* What you should do *
Please retype the data below in full.

-------- Data for the task

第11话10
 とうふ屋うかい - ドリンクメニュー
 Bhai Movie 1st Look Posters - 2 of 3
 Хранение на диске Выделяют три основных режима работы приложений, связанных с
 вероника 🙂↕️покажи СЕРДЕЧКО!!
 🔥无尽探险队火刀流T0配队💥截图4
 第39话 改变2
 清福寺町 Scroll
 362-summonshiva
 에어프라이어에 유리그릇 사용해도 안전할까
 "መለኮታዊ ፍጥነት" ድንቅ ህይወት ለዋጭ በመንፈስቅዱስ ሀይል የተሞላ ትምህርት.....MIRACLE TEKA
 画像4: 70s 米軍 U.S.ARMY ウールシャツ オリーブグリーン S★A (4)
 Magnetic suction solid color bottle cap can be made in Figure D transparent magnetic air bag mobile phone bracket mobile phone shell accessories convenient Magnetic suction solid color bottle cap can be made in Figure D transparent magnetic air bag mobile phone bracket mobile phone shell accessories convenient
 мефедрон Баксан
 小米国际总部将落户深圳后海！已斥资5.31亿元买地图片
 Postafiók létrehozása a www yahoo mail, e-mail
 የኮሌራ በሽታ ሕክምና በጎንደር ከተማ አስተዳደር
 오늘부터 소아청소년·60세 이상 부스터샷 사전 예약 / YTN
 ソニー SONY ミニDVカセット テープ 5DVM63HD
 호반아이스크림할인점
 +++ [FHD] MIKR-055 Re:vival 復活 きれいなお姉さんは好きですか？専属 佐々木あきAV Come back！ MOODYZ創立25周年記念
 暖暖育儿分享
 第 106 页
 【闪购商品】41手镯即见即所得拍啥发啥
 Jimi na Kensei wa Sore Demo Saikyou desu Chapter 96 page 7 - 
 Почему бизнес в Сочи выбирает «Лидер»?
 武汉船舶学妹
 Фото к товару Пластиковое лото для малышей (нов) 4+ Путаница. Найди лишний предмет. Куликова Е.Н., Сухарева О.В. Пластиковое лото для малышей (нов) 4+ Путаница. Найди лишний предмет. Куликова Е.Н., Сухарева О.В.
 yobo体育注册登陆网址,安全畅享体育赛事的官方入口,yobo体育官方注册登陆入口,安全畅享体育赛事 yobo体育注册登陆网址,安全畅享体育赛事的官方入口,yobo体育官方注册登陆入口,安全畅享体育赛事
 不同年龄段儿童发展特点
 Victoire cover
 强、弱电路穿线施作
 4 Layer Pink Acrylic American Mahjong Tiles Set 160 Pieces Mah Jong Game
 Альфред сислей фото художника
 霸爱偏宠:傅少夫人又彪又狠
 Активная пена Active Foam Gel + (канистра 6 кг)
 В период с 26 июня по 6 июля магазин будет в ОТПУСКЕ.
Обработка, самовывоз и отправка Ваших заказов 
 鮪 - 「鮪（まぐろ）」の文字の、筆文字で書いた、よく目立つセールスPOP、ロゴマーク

----------------

* Exercise response *
第11话10
 とうふ屋うかい - ドリンクメニュー
 Bhai Movie 1st Look Posters - 2 of 3
 Хранение на диске Выделяют три основных режима работы приложений, связанных с
 вероника 🙂↕️покажи СЕРДЕЧКО!!
 🔥无尽探险队火刀流T0配队💥截图4
 第39话 改变2
 清福寺町 Scroll
 362-summonshiva
 에어프라이어에 유리그릇 사용해도 안전할까
 "መለኮታዊ ፍጥነት" ድንቅ ህይወት ለዋጭ በመንፈስቅዱስ ሀይል የተሞላ ትምህርት.....MIRACLE TEKA
 画像4: 70s 米軍 U.S.ARMY ウールシャツ オリーブグリーン S★A (4)
 Magnetic suction solid color bottle cap can be made in Figure D transparent magnetic air bag mobile phone bracket mobile phone shell accessories convenient Magnetic suction solid color bottle cap can be made in Figure D transparent magnetic air bag mobile phone bracket mobile phone shell accessories convenient
 мефедрон Баксан
 小米国际总部将落户深圳后海！已斥资5.31亿元买地图片
 Postafiók létrehozása a www yahoo mail, e-mail
 የኮሌራ በሽታ ሕክምና በጎንደር ከተማ አስተዳደር
 오늘부터 소아청소년·60세 이상 부스터샷 사전 예약 / YTN
 ソニー SONY ミニDVカセット テープ 5DVM63HD
 호반아이스크림할인점
 +++ [FHD] MIKR-055 Re:vival 復活 きれいなお姉さんは好きですか？専属 佐々木あきAV Come back！ MOODYZ創立25周年記念
 暖暖育儿分享
 第 106 页
 【闪购商品】41手镯即见即所得拍啥发啥
 Jimi na Kensei wa Sore Demo Saikyou desu Chapter 96 page 7 - 
 Почему бизнес в Сочи выбирает «Лидер»?
 武汉船舶学妹
 Фото к товару Пластиковое лото для малышей (нов) 4+ Путаница. Найди лишний предмет. Куликова Е.Н., Сухарева О.В. Пластиковое лото для малышей (нов) 4+ Путаница. Найди лишний предмет. Куликова Е.Н., Сухарева О.В.
 yobo体育注册登陆网址,安全畅享体育赛事的官方入口,yobo体育官方注册登陆入口,安全畅享体育赛事 yobo体育注册登陆网址,安全畅享体育赛事的官方入口,yobo体育官方注册登陆入口,安全畅享体育赛事
 不同年龄段儿童发展特点
 Victoire cover
 强、弱电路穿线施作
 4 Layer Pink Acrylic American Mahjong Tiles Set 160 Pieces Mah Jong Game
 Альфред сислей фото художника
 霸爱偏宠:傅少夫人又彪又狠
 Активная пена Active Foam Gel + (канистра 6 кг)
 В период с 26 июня по 6 июля магазин будет в ОТПУСКЕ.
Обработка, самовывоз и отправка Ваших заказов 
 鮪 - 「鮪（まぐろ）」の文字の、筆文字で書いた、よく目立つセールスPOP、ロゴマーク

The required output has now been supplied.